Les Services Publics nationaux doivent se décliner dans une gestion partagée avec les collectivités territoriales, ces coopérations se menant ainsi avec des garanties nationales d’accès égal pour tous. Toute leur place aux coopérations volontaires !
Indissociablement, la réforme doit se hisser à la hauteur du niveau de coopération volontaire aujourd’hui rendu nécessaire entre les différentes institutions de notre République.
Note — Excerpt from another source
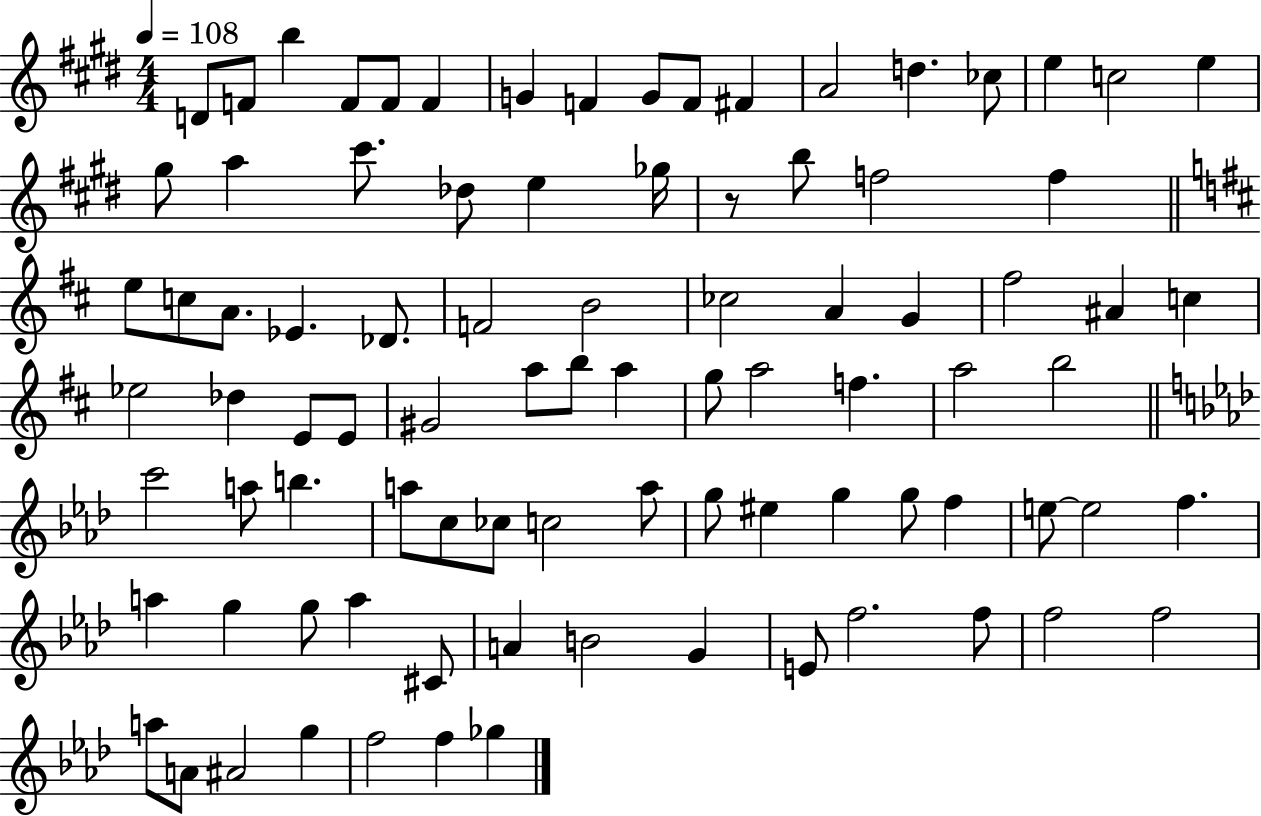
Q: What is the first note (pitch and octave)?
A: D4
Cela appelle à inventer des formes nouvelles de « coopératives » opérationnelles ou de « gouvernement partagé », à l’échelle de grands projets volontaires et librement consentis, sous contrôle citoyen. Aux métropoles intégrées, nous opposons des projets métropolitains, élaborés et contrôlés démocratiquement, incluant et respectant les différents niveaux de collectivités. En Région parisienne, le fait d’imposer des seuils contraignants de 300 000 habitants pour l’aire urbaine de Paris et de 200 000 au delà de cet aire urbaine, afin de former dans l’urgence des intercommunalités aux pouvoirs élargis et éloignés des habitants, rentre en complète contradiction avec de véritables projets coopératifs décidés avec les citoyens.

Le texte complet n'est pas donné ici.